## TASK
Images are to be dropped, and the rest of the data reproduced exactly.

## STUDY MATERIAL

# # # # #

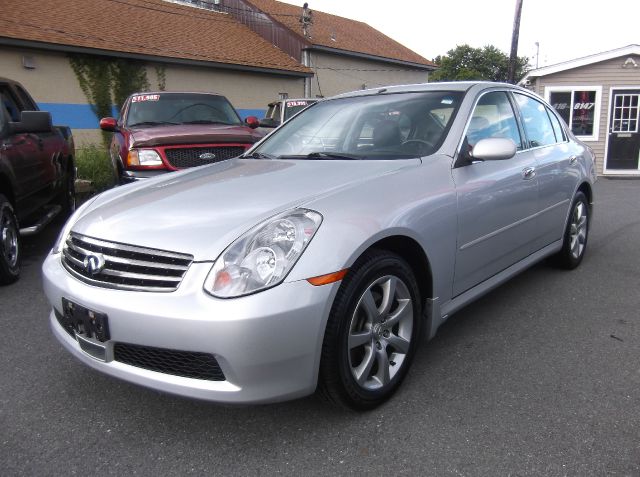 Infiniti G35 2006 photo 1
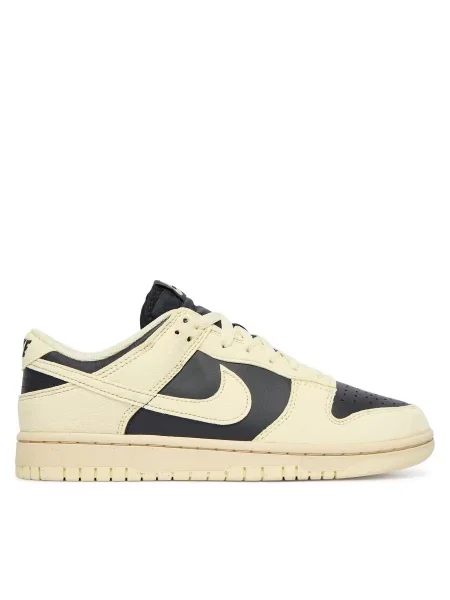 Αθλητικά Nike Dunk Low Κρεμ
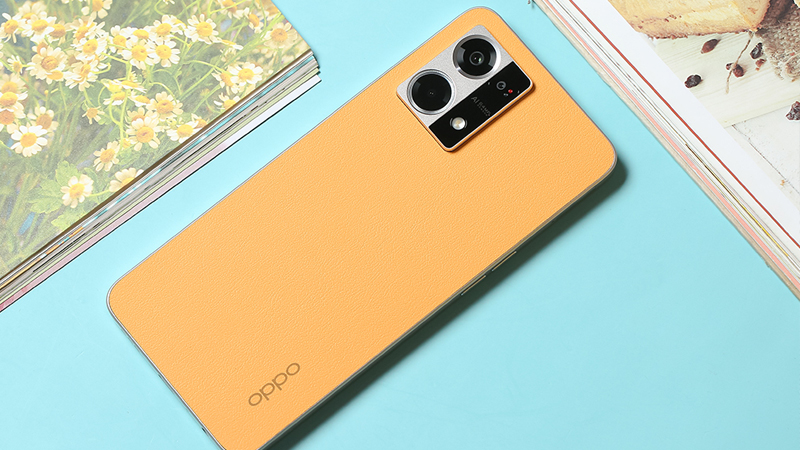 Điện thoại OPPO Reno7 có vẻ ngoài sang trọng, cao cấp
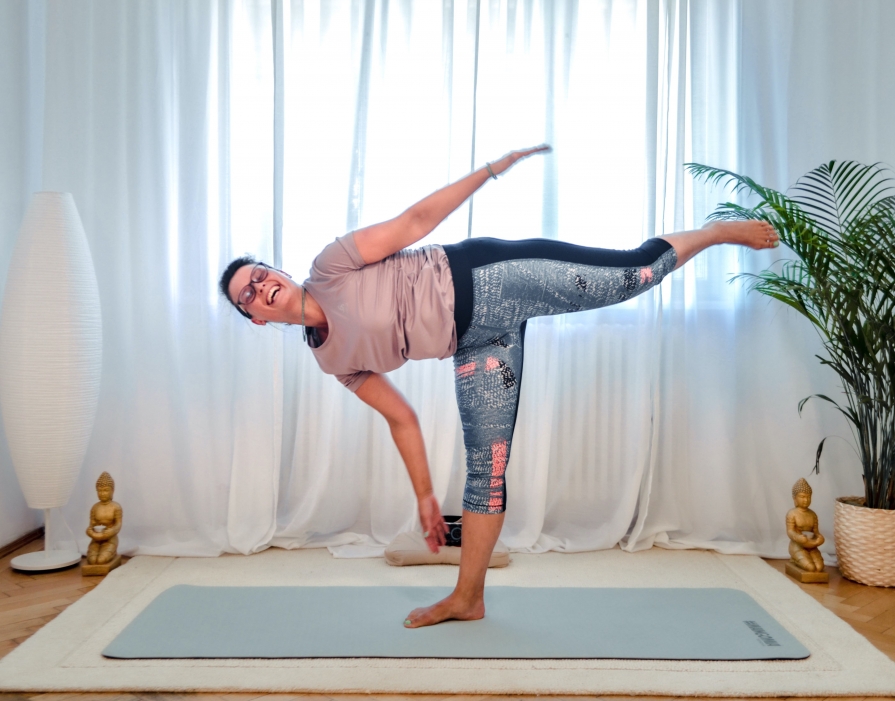 Estera-Tinca-instructor-yoga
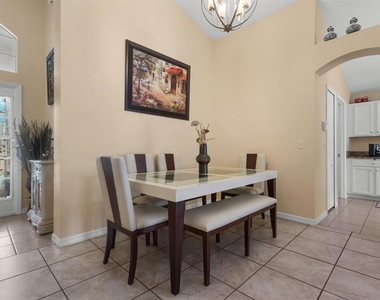 2438 Brewerton Lane - Photo Thumbnail 14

# # # # #

## WRITTEN SOLUTION
 Infiniti G35 2006 photo 1
 Αθλητικά Nike Dunk Low Κρεμ
 Điện thoại OPPO Reno7 có vẻ ngoài sang trọng, cao cấp
 Estera-Tinca-instructor-yoga
 2438 Brewerton Lane - Photo Thumbnail 14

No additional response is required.